Imam al-Amidi (w. 631 H) di dalam Al-Ihkâm fî Ushûl al-Ahkâm menjelaskan, al-amru adalah thalab al-fi’li ‘alâ jihati al-isti’lâ` (tuntutan untuk mengerjakan perbuatan menurut sisi ketinggian). Kata thalab al-fi’li menghalangi masuknya larangan dan jenis kalam lainnya. ‘Alâ jihati isti’lâ` menghalangi masuknya tuntutan dengan cara doa (permohonan) dan iltimâs (permintaan).
Syaikh Wahbah az-Zuhaili di dalam Ushûl al-Fiqh al-Islâmî menyatakan, al-amru (perintah) adalah lafal yang menunjukkan pada tuntutan perbuatan menurut sisi ketinggian (al-lafzhu ad-dâlu ‘alâ thalab al-fi’li ‘alâ jihati al-isti’lâ`).

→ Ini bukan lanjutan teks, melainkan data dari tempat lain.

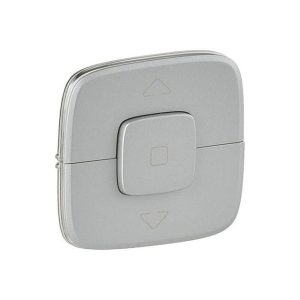 Πλακίδιο Ρολών Αλουμίνιο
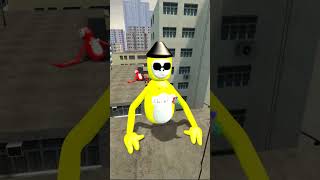 RANDOM SIZE V5 SPARTAN KICKING gmod garrysmod funnygarrysmodvideos spartankicking shortvideo [upl. by Reeher]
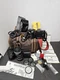OEM Minolta Camera Maxxum 7000 AF W 3 Lens, Minolta Manuals Filters Cases, Etc.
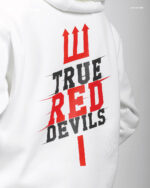 RED DEVIL WHITE EDITION - Image 5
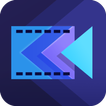 Montage Vidéo ActionDirector icône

Itu terjadi dari pihak yang lebih tinggi kepada yang lebih rendah, dengan orang mengatakan kepada yang lebih rendah secara isti’lâ`: lakukan. Itu merupakan hakikat dalam ucapan pihak yang menuntut perbuatan itu. Jika keluar dari pihak yang lebih rendah kepada yang lebih tinggi dalam bentuk permohonan (at-tadharru’) dan asy-syafâ’ah tidak disebut perintah (amru), melainkan untuknya dikatakan doa (du’â`) dan permintaan (iltimâs).
Abdul Karim bin Ali bin Muhammad an-Nimlah di dalam al-Muhadzdzab fî ‘Ilmi Ushûl al-Fiqh al-Muqâran menjelaskan, ‘alâ wajh al-isti’lâ` maknanya bahwa perintah itu datang dengan cara ketinggian/superior (at-tarafu’) terhadap pihak yang diperintah seperti perintah Allah kepada makhluk, perintah tuan kepada budaknya, perintah bapak kepada anaknya dan perintah penguasa kepada rakyatnya. Jadi ungkapan ‘alâ jihati al-isti’lâ` mengeluarkan tuntutan perbuatan dengan ucapan menurut cara doa dan permintaan.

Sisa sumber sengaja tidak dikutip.